____ INPUT

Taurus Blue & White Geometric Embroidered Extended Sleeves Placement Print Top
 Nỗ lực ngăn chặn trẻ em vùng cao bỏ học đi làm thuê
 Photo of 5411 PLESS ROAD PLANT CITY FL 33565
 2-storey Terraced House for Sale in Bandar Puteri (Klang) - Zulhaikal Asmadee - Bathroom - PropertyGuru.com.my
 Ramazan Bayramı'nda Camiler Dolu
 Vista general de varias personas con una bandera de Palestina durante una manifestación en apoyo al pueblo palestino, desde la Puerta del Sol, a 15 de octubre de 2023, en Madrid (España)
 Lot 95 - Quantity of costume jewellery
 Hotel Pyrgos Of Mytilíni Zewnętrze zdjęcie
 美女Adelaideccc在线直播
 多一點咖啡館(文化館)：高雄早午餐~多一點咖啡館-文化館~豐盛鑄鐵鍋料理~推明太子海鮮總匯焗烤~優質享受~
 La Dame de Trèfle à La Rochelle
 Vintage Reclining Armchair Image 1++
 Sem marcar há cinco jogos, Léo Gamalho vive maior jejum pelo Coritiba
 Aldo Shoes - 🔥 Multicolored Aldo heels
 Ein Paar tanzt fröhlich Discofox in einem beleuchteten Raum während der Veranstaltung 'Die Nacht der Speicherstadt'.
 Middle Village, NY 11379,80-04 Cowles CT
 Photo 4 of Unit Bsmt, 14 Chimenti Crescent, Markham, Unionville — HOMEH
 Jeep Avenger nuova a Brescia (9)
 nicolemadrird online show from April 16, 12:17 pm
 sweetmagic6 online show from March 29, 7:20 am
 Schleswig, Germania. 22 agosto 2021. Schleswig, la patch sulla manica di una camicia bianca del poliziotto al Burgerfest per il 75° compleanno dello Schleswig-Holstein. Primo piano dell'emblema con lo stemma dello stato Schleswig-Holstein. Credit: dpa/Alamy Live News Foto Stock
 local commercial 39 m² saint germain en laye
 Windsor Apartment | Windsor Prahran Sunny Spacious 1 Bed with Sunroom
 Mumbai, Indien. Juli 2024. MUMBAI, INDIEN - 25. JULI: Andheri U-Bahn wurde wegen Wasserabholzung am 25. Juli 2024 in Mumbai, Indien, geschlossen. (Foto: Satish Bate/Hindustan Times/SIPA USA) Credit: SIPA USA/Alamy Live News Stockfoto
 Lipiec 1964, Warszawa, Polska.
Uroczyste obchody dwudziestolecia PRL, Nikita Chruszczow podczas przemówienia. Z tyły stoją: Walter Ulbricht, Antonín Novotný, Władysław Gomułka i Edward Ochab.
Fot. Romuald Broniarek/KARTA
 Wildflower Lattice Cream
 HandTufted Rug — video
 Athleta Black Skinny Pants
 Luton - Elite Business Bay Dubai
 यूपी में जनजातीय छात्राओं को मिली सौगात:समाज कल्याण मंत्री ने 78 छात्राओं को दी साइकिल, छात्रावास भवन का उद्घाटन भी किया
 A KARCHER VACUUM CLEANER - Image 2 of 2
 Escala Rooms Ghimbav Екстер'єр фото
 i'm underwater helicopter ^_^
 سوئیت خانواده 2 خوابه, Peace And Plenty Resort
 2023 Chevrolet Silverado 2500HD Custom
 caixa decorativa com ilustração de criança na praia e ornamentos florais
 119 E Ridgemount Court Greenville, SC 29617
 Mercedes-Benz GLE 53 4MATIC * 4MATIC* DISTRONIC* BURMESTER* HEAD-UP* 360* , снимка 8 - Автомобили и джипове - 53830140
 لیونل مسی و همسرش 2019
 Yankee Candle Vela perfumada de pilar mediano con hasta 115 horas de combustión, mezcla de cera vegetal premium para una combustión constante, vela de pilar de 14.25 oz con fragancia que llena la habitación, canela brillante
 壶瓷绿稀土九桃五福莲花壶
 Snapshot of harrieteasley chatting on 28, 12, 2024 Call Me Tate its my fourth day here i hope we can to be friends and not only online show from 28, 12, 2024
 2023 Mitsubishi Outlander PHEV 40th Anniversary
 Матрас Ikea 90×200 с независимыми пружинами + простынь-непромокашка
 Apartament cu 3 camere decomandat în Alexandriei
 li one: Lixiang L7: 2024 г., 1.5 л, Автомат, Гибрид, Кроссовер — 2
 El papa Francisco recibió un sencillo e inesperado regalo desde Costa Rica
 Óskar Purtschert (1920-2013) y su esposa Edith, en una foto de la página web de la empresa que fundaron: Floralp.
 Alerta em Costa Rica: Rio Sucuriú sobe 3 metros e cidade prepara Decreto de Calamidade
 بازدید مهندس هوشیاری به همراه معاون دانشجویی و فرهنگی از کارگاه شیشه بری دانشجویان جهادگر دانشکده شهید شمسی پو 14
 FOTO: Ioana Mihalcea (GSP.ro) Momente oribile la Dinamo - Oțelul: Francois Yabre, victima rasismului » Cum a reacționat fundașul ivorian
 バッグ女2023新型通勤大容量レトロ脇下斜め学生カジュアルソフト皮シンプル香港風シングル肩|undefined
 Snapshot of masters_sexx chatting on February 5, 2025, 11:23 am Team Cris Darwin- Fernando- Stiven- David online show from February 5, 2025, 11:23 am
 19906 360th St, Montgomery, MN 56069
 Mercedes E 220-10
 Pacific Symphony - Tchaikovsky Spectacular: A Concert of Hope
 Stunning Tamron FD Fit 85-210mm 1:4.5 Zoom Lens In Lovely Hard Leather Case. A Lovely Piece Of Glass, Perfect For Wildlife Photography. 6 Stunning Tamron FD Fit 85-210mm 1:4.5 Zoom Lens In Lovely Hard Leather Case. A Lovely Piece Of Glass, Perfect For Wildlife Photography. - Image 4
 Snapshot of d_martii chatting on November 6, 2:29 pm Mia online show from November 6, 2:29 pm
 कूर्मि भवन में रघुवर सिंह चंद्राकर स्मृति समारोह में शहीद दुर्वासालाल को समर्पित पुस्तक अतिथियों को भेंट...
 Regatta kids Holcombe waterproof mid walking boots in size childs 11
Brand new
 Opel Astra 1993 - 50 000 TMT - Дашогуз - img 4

________

TASK DIRECTIONS: Report every line from the material above that mentions the word "online".

YOUR RESPONSE:
 nicolemadrird online show from April 16, 12:17 pm
 sweetmagic6 online show from March 29, 7:20 am
 Snapshot of harrieteasley chatting on 28, 12, 2024 Call Me Tate its my fourth day here i hope we can to be friends and not only online show from 28, 12, 2024
 Snapshot of masters_sexx chatting on February 5, 2025, 11:23 am Team Cris Darwin- Fernando- Stiven- David online show from February 5, 2025, 11:23 am
 Snapshot of d_martii chatting on November 6, 2:29 pm Mia online show from November 6, 2:29 pm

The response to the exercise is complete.